Mentre lUnesco linserisce nella lista dei 90 tesori culturali da salvaguardare, questa secolare forma teatrale popolare rivive nelle pagine di due volumi curati da Bernadette Majorana e Donata Amico
LOpera dei pupi, tra passato e presente
Il passato ritorna nel presente e di nuovo compie un viaggio a ritroso per raccontare vicende che riguardano la storia della Sicilia e di Catania, attraverso l’opera dei “pupari”, che diedero vita ad un teatro popolare di grande successo.
La grande importanza di questa antica rappresentazione trova conferma in questi giorni. La scorsa settimana ad Istanbul l’Unesco ha stilato un elenco di novanta tesori della cultura orale e immateriale da salvaguardare poiché appartengono al patrimonio di tutta l’umanità: fra questi c’è spazio per la nostra “opera dei pupi”, accompagnata dal canto a tenore sardo.
Storie e documenti di questa magica messa in scena sono state di recente riprese e raccolte in due volumi di Bernadette Majorana e Donata Amico (Pupi e attori. Ovvero l’opera dei pupi a Catania. Storia e documenti e Teatrar narrando: l’opera dei pupi catanese), due delle più importanti studiose della famosa tradizione teatrale popolare, tramandata per il lavoro dei cantastorie, le cui marionette facevano rivivere personaggi e gesta della famosa “Chanson de Roland”.
I due volumi sono stati presentati lo scorso 30 ottobre, nell’ambito delle “Conversazioni in Sicilia”, incontri letterari organizzati dalla Facoltà di Lettere di Catania.

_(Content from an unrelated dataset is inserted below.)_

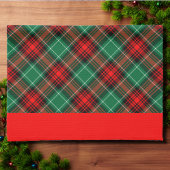 Vert Rouge Vacances Plaid Red Bordures Serviette d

Alla presentazione è intervenuto, fra gli altri, Antonio Di Grado, professore ordinario di Letteratura italiana presso la Facoltà di Lettere di Catania che ha ripreso il filo dei suoi ricordi, intrecciandolo con le sue competenze letterarie: Le famiglie dei “pupari” fanno parte della storia di Catania. La lettura di questi due testi mi fa ripensare ad un teatrino affollato nella zona di Cibali e gli anziani alla villa Pacini che raccontavano ai più piccoli le gesta di Orlando. Donata Amico ci consegna il ritratto di uomini da sempre impegnati nell’ambito socio-politico, oltre che ad una duplice visuale estetica e storica di quel tempo. Il suo è un lavoro completo che non tralascia né il valore della storia, né quello dei testi. Il lavoro della Majorana può definirsi complementare ad esso, poiché ricostruisce le discipline estetiche che ebbero la loro influenza sulla cultura di quel tempo. In questo modo si possono trattare in maniera molto approfondita il passato ed il presente, che confluiscono in un’unica direzione, il sapore artigianale nel quale si incontrano tutte le arti ed i mestieri delle antiche dinastie di Catania, in una sorta di codice facilmente riconoscibile che si manifesta nelle performance dei “pupari”.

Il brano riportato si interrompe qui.